Students continued to come. The quick answer was to bring in a portable classroom and buy a house south of the school, which was used as a first-grade classroom.

In 1958, the school board approved construction of six more classrooms.

Through the years, thousands of students went through the school. Nine principals were placed in charge of those children. Most thrived, but a few were run off.

A quarter-century of westward expansion in Lawrence finally did the school in as well. As the school’s enrollment dropped, it became a target of closure advocates. It will close with less than 150 students in the fold.

Vicki Scott, left, and her sister, Teresa Marshall, both attended East Heights School as children and are now paraprofessionals there. The two recently sat down to review school scrapbooks and recall the names and faces of East Heights students and staff through the years.
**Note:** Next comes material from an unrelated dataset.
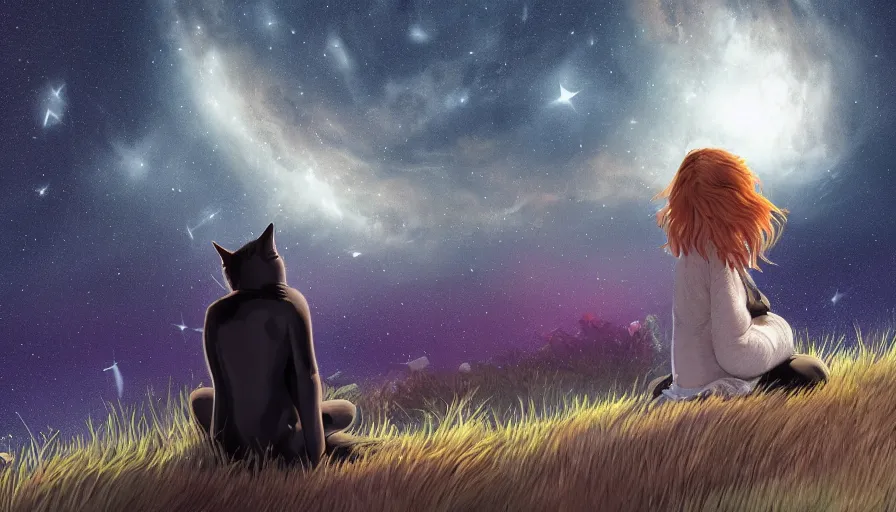 Prompt: black cat and a girl looking at the stars on a hill, stardusts, hyperdetailed, artstation, cgsociety, 8 k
The end has done nothing to erode powerful memories of people who called East Heights their school home.

“Back in ’56, East Heights was a very posh school,” said Connie Laughlin Bishop of Lawrence, who started there as a second-grader that year. “I remember the school as bright and clean. Long halls, laughing kids, kind teachers. A very stern-looking principal, Miss (Cecilia) Pearson. Later did I realize that she was a saint.”

‘A good experience’

Caro Spears-Latham of Lawrence attended East Heights in the early 1960s, transferring there from Pinckney School.
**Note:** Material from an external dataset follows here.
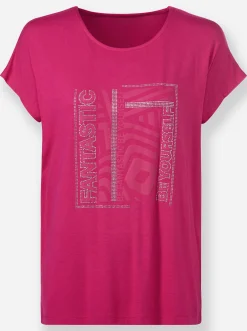 Rundhalsshirt mit Glitzersteinchen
“I will never forget my fifth-grade teacher, Miss Tiger,” she said. “Her words of wisdom that I have always carried with me and continue to pass on are, ‘Learn to read, and love books. Use the library, and you can travel the whole world without every having to go anywhere.'”

Teresa Marshall, who went through East Heights in the 1960s and now works at the school, said her most powerful recollection was driven home by the point of a needle.
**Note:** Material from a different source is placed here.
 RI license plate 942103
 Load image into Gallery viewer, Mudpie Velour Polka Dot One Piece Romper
“What I remember most was how they used to line us up in the gym and give us shots in school,” Marshall said.

Karen Vespestad recalls her first day as a teacher in a special-education class in 1985 at East Heights.

“I had a kid try to go out the window,” she said. “I had one kid pull out a pair of scissors and put it in his belt, and he was going to stab me. The whole room was chaos.”

Her mother, a retired teacher, picked her up for lunch.

“I started crying, and I said, ‘What would happen if I never went back?'” Vespestad said. “My mother … said, ‘You probably aren’t going to get hired as a teacher again.'”

She returned, and was able to survive and thrive.

“They were testing out the new teacher,” she said.

Sixth-graders Taylor Jones and Aaron Rea will be among the last to complete their elementary education at East Heights.

“I recall a dust devil that passed across the playground,” Jones said. “It picked up grass, and we ran around it.”

Rea said he cherished his year as a third-grader at East Heights. That’s when he had his favorite teacher, Adela Solis, and lost his best friend, who moved away.

He’s surprised to finish at East Heights.

“When I was in kindergarten, they were thinking about closing it down,” Rea said. “I liked the fact it was a smaller school. You pretty much knew everyone here.”

Gary Johnson, the last principal at East Heights, said Rea was right to recognize that the people met along the way formed ties that bind.

“We’ve got a great community of people,” Johnson said. “Kids are wonderful. Staff is great. It’s been a good experience.”